Collected data entries:
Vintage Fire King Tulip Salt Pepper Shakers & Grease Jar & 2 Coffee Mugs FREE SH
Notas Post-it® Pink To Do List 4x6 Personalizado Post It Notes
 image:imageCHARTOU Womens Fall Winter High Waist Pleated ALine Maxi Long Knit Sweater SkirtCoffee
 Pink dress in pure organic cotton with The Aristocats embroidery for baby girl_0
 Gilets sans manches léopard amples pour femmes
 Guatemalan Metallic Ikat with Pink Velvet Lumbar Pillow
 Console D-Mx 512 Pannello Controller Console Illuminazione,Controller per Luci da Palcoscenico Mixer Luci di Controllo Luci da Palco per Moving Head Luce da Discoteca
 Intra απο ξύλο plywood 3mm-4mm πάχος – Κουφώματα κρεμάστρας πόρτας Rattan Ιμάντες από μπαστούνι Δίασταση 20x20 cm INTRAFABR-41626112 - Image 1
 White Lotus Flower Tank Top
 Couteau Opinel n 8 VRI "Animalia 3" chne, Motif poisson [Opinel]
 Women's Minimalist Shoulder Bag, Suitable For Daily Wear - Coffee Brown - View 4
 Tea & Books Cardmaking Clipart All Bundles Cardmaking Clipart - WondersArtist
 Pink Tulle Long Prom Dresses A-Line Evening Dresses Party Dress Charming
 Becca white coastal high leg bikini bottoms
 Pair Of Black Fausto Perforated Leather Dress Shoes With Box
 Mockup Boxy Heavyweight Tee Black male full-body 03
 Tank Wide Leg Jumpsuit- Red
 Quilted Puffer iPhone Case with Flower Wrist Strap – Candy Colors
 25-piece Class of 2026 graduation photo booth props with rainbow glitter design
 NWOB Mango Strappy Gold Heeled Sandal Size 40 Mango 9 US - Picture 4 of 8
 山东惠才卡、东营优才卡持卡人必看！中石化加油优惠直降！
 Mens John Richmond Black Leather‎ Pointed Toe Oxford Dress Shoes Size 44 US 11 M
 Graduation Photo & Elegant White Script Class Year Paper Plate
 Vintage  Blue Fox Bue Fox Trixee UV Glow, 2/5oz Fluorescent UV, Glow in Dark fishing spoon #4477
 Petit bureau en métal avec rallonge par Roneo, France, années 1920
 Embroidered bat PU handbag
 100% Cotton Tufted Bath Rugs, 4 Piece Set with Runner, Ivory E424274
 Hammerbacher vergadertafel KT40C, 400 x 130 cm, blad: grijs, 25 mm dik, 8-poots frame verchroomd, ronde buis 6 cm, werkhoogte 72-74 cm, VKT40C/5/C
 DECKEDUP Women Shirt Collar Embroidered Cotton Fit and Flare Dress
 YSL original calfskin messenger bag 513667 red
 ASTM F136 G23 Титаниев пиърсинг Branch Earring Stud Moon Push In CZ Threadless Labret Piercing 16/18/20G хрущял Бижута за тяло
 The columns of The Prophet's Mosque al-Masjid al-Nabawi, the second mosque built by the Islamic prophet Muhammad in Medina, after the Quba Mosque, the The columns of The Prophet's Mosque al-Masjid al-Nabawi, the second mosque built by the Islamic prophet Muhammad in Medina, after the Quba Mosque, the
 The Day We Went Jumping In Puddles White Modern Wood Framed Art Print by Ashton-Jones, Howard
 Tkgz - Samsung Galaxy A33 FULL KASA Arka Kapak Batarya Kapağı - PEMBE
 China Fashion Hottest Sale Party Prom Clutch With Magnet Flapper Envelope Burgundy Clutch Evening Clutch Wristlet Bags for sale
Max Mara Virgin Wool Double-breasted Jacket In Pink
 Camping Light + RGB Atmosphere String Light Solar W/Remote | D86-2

= Task details =
All that is wanted is a faithful reproduction of the line above with "Gilets sans manches", the line with "Console D-Mx 512", and every line in between.

= Answer space =
 Gilets sans manches léopard amples pour femmes
 Guatemalan Metallic Ikat with Pink Velvet Lumbar Pillow
 Console D-Mx 512 Pannello Controller Console Illuminazione,Controller per Luci da Palcoscenico Mixer Luci di Controllo Luci da Palco per Moving Head Luce da Discoteca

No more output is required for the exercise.